Former School Superintendent's Defamation Lawsuit Against TV Station Can Go Forward


From Judge Robert Payne's opinion Friday in Sroufe v. [Scripps] Media Inc. (E.D. Va.) (the allegedly defamatory story is here):

William D. Sroufe, the holder of a doctoral degree in education and formerly the Superintendent of the Colonial Heights Public Schools ("CHPS") filed this action alleging a claim of defamation against "Scripps t/a WTVR and/or CBS6." … [He alleges that], on February 17, 2023, WTVR aired a news story about Sroufe's exit as the Superintendent of CHPS[, which] … was materially false because it reported that Sroufe was "ousted" when, in fact, he was not and because: (1) it falsely implied that Sroufe had covered up complaints about improper conduct on the part of the softball coach at Colonial Heights High School which allowed the coach to escape criminal prosecution; and (2) the story falsely suggested that Sroufe was fired for covering up those complaints.

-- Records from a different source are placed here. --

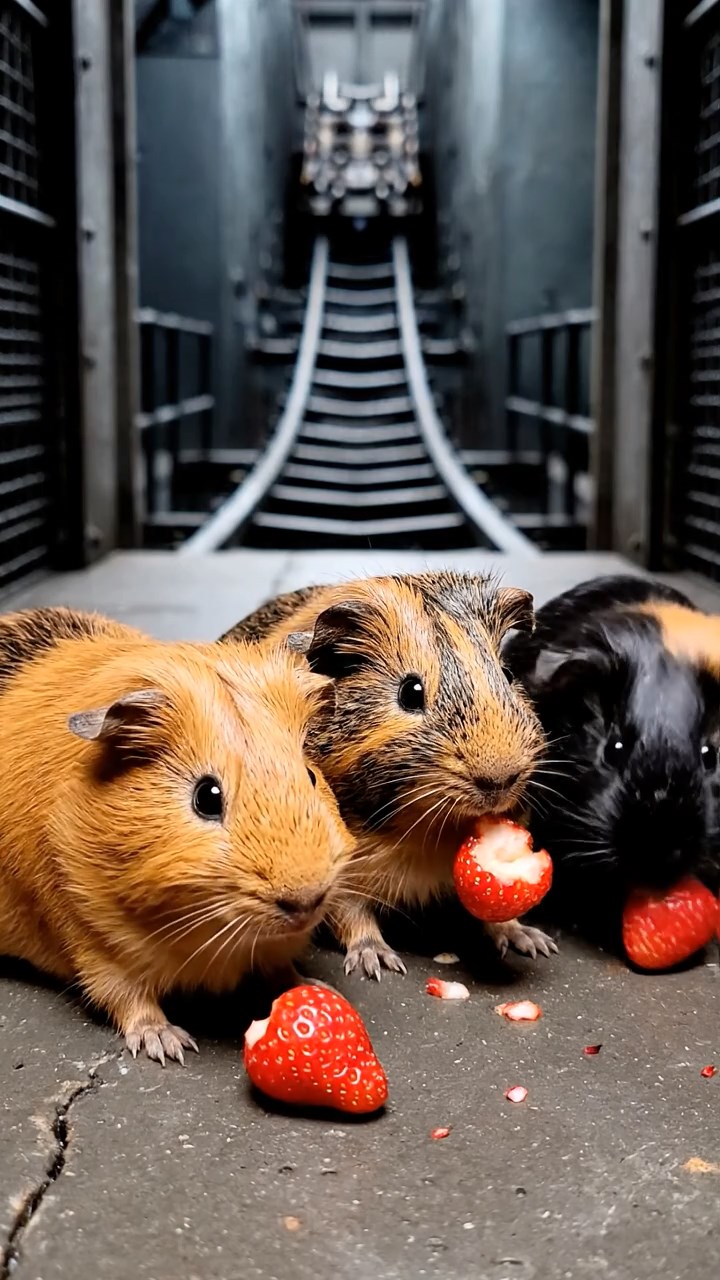 926. Photorealistic scene of 1 smooth-haired Teddy guinea pig with Cream fur, lapping water from a clear stream with delicate tongue flicks, on a forested slope with pine needles and moss, under dappled sunlight, capturing a serene, lifelike moment of hydration.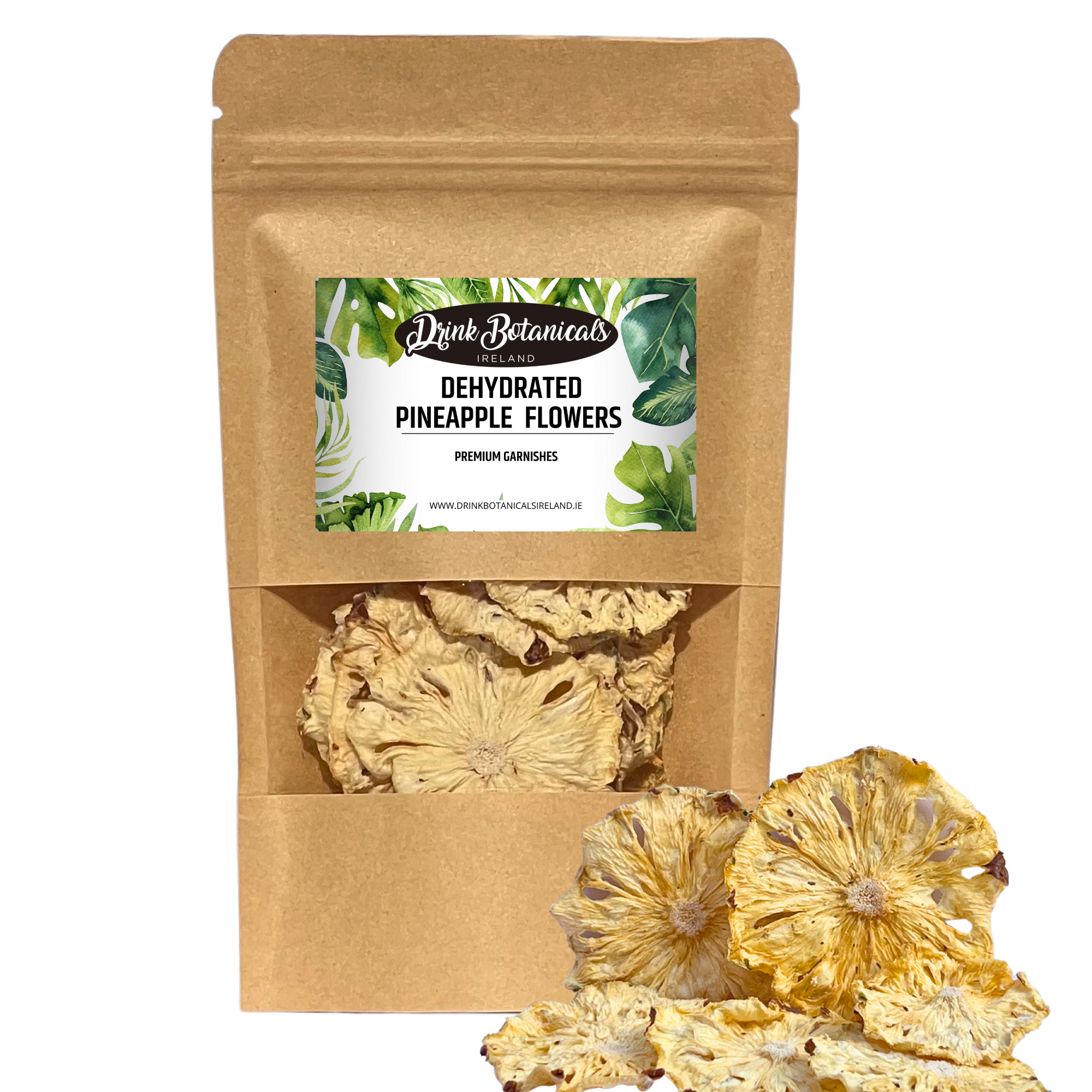 Dried Pineapple Flower Slices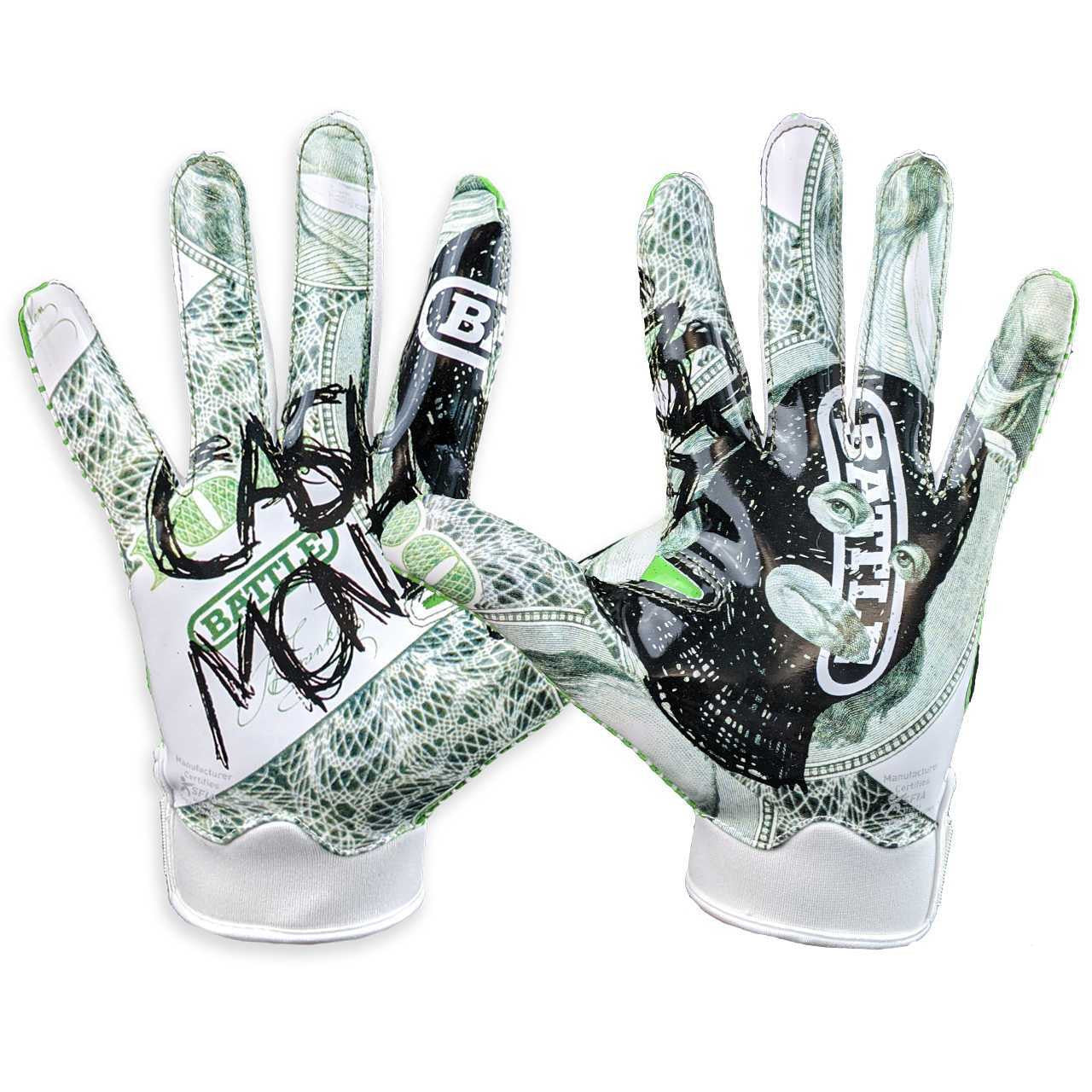 battle-doom-1-0-cash-money-football-handschuhe-gr-n-adult image 3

It is also alleged that WTVR, through its reporter, Melissa Hipolit, knew that the allegedly false statements were false and knew in fact that Sroufe had not been "ousted" but had voluntarily resigned from his position. Moreover, … Hipolit [allegedly] knew that: (1) the sole source of the false narrative which Hipolit had so enthusiastically propagated, in fact, had told Hipolit a material falsehood about the story; and (2) the School Board's attorney actually had not only denied any cover up, but also had provided Hipolit with evidence that negated the claims asserted by Hipolit's impeached source.

The judge allowed the case to go forward, reasoning, among other things, that the "ouster" assertion was one of fact, not opinion, and was potentially defamatory:

Quite clearly, the plain meaning of the word "oust" is negative and connotes an event that is other than voluntary. And, when "oust" is linked with a reported termination of employment, well-established Virginia law permits a reasonable jury to find that the statement reasonably would be understood to be a report that the termination of Sroufe's employment was involuntary, forcible, and against his will [and, in this story, based on alleged misconduct -EV]. Indeed, considering the context of its use in this case, it might be difficult for a jury to reach any other conclusion….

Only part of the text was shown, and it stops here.